La anciana se levantó con el sol,
bien temprano, a la hora del amanecer. Lavó la ropa de la casa en un fuentón de
chapa utilizando la tabla de lavar de madera. Colgó la ropa al fondo de la casa
(el cordel está cerca del Nuschnick) y después amasó Kreppel en la mesa de la
cocina. Los frió en una sartén, sobre la cocina a leña. Los espolvoreó con
abundante azúcar. Lavó los utensilios. Los guardó. Puso la pava con agua a
calentar. Tomó el mate, lo llenó con yerba. Lo
colocó sobre la mesa, al lado de la azucarera con los terrones de azúcar.
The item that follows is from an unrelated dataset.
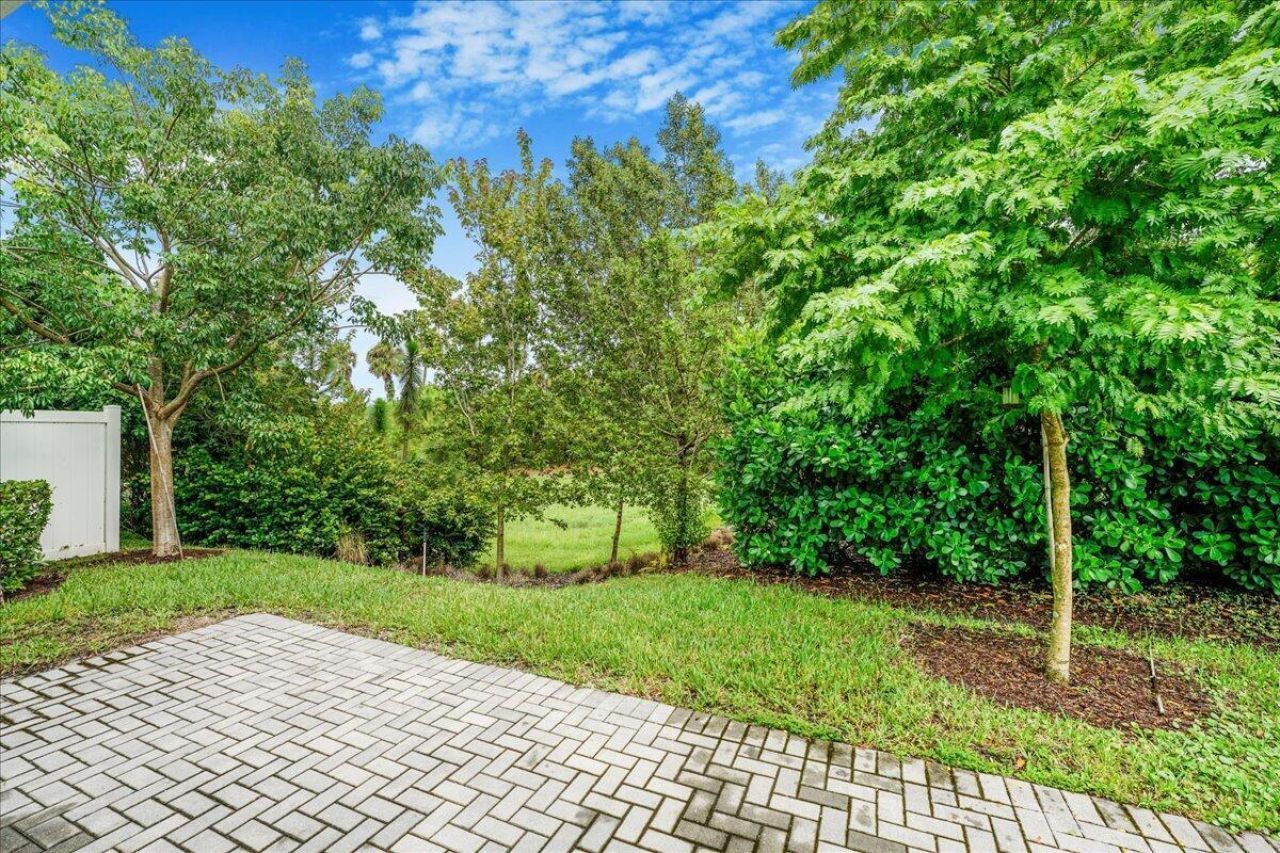 6818 Pointe Of Woods Drive, West Palm Beach, FL 33413 Photo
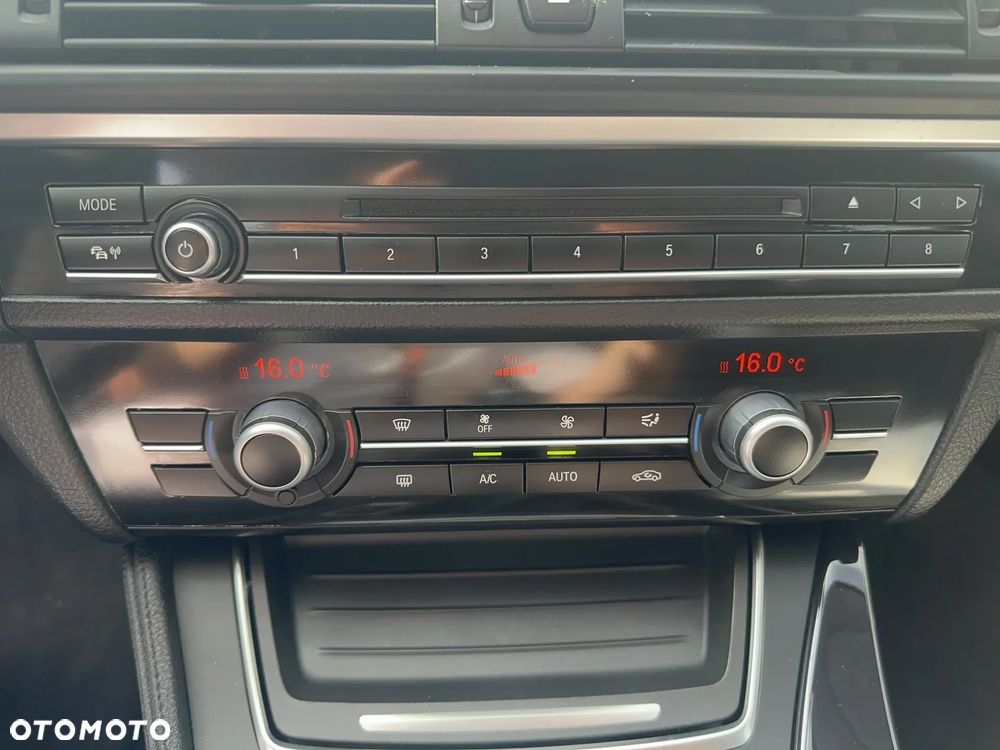 BMW Seria 5 520d Touring - 21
Acomodó el repasador. Lo dobló prolijamente. Miró sus manos. Sacó un pañuelo
del bolsillo de su delantal gris. Se sonó la nariz. Caminó unos pasos. Se paró
frente a la ventana. Miró hacia el patio, hacia el jardín, hacia la calle,
hacia la inmensidad del horizonte.
La
casa estaba en orden. Sólo se oía el silbar monótono de la pava y el crepitar
de la leña, consumiéndose.
Tanteó
una silla y se sentó. El cuerpo le pesaba. Hurgó en su bolsillo hasta que sacó
su rosario de perlas negras. Besó la cruz. Intentó unir las manos para rezar
pero lenta e inexorablemente, comenzó a deslizarse hacia un costado.
Su
hijo mayor, Pedro, la encontró muerta, al mediodía, cuando volvió de su trabajo
para almorzar, y la comida no estaba lista, y mamá se había ido para siempre.